(Beginning of EXERCISE DATA)
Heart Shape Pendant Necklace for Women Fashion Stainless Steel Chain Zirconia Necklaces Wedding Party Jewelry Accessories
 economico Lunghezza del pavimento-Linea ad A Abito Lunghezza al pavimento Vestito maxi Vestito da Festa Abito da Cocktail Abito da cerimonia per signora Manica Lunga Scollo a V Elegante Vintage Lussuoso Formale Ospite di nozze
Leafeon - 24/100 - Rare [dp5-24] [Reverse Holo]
(End of EXERCISE DATA)
## PROBLEM DESCRIPTION
Set down the line holding "economico Lunghezza del" and all later lines through the last one in the material above, exactly, and no other lines.

## RESULT OF THIS TASK
 economico Lunghezza del pavimento-Linea ad A Abito Lunghezza al pavimento Vestito maxi Vestito da Festa Abito da Cocktail Abito da cerimonia per signora Manica Lunga Scollo a V Elegante Vintage Lussuoso Formale Ospite di nozze
Leafeon - 24/100 - Rare [dp5-24] [Reverse Holo]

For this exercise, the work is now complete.